[Material supplied Boundary: Start]

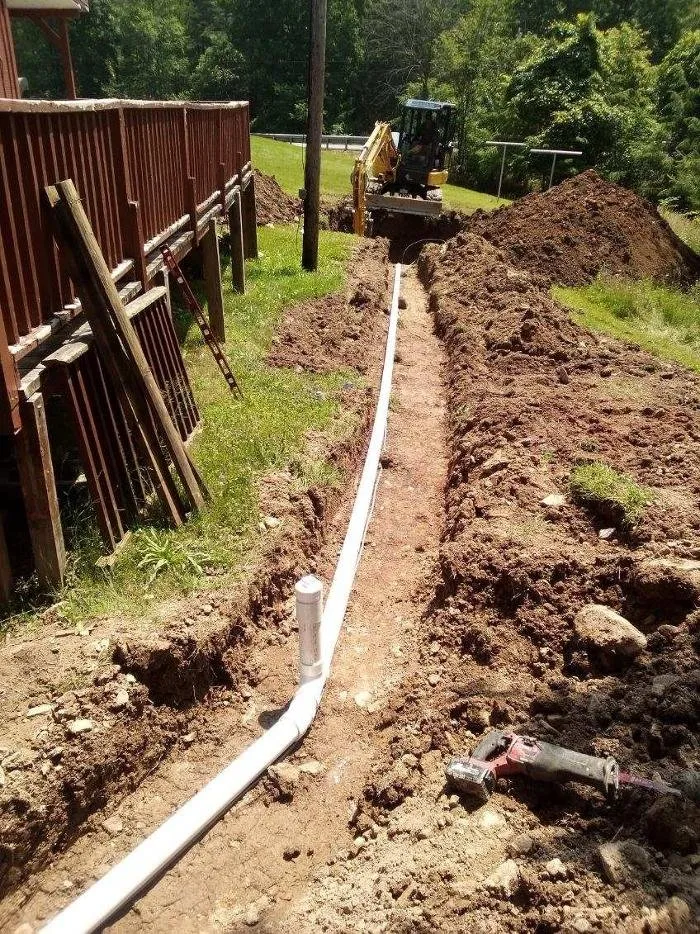 Slide of Newell's Plumbing Heating & Air Conditioning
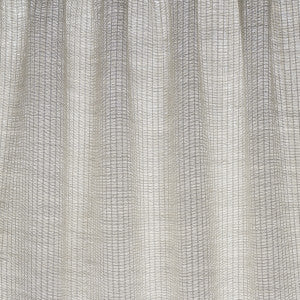 Schumacher Fabric Wren Alpaca Sheer Mist 81940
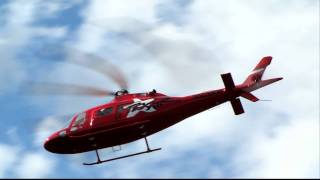 Agusta 119 Koala mit Logo 500XL Mechanik [upl. by Duff]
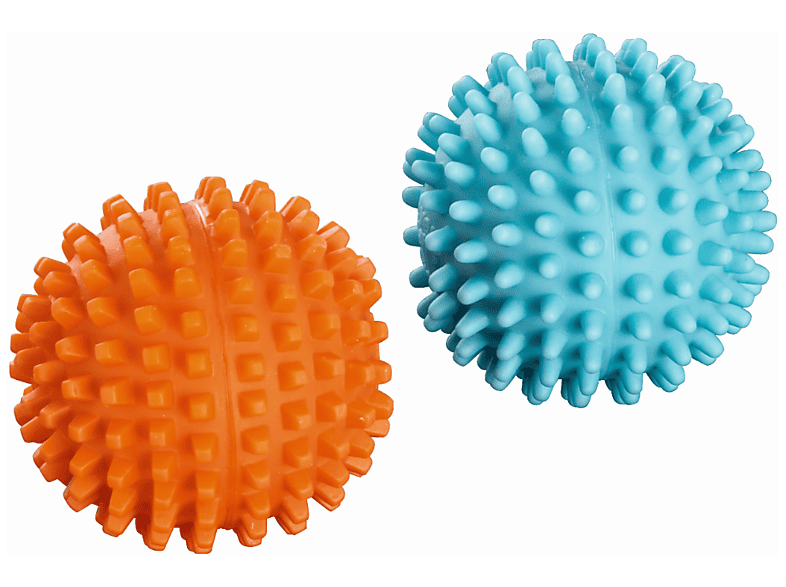 Koenic Trocknerbälle KDB-02 2er Pack Blau/Orange — Foto 3 von 3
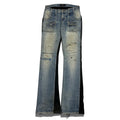 Undercover SS06 Klaus Hybrid Denim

[Material supplied Boundary: End]

What the task requires → Only one thing is required: an exact printout of the lines from the line containing "Agusta 119 Koala" through the last line of the records, pictures excluded.

Response →
 Agusta 119 Koala mit Logo 500XL Mechanik [upl. by Duff]
 Koenic Trocknerbälle KDB-02 2er Pack Blau/Orange — Foto 3 von 3
 Undercover SS06 Klaus Hybrid Denim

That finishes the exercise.